ORDUDA YAPILAN REFORMLAR
Darbe girişiminin ardından, Türk Silahlı Kuvvetleri'nde (TSK) kapsamlı bir yeniden yapılandırma süreci başlatıldı. Bu süreçte, askeri yapının sivil denetim altına alınması hedeflendi. İlk adım olarak, Genelkurmay Başkanlığı, Milli Savunma Bakanlığı'na bağlandı. Bu değişiklik, askeri ve sivil otoriteler arasındaki uyumun artırılmasını amaçladı. Bir diğer önemli değişiklik ise, Jandarma Genel Komutanlığı ve Sahil Güvenlik Komutanlığı'nın İçişleri Bakanlığı'na bağlanması oldu.
ASKERİ OKULLAR KAPATILDI
Darbe girişiminin ardından, askeri okullar kapatılarak Milli Savunma Üniversitesi kuruldu. Bu üniversite, Türk Silahlı Kuvvetleri'nin personel ihtiyacını karşılamak üzere modern ve sivil denetime tabi bir eğitim modeli benimsedi. Kuvvet komutanlıkları (Kara, Deniz ve Hava Kuvvetleri), Genelkurmay Başkanlığı'ndan alınarak doğrudan Milli Savunma Bakanlığı'na bağlandı.

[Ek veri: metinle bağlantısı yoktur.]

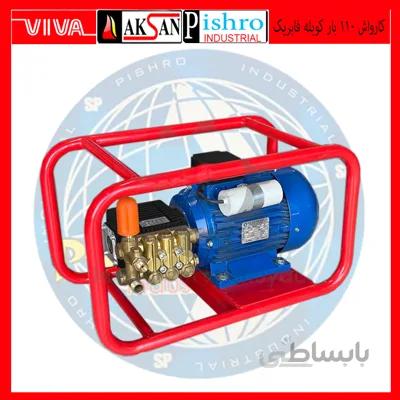 قیمت کارواش 110 بار کوبله فابریک اب سرد ایتالیایی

PERSONEL ALIMLARI SİL BAŞTAN
Darbe girişiminin ardından, Türk Silahlı Kuvvetleri'nde personel ve teçhizat reformları da gerçekleştirildi. Darbe girişimine katılan subay ve astsubaylar ordudan ihraç edildi ve yerlerine demokrasiye bağlı yeni personel alımları yapıldı. Ayrıca, askeri teçhizatın modernizasyonu ve yerli savunma sanayinin güçlendirilmesi yönünde önemli adımlar atıldı. Milli İstihbarat Teşkilatı (MİT) ve Emniyet Genel Müdürlüğü'nde de önemli değişiklikler yapıldı. MİT, Cumhurbaşkanlığı'na bağlanarak daha etkin bir denetim ve koordinasyon sağlandı.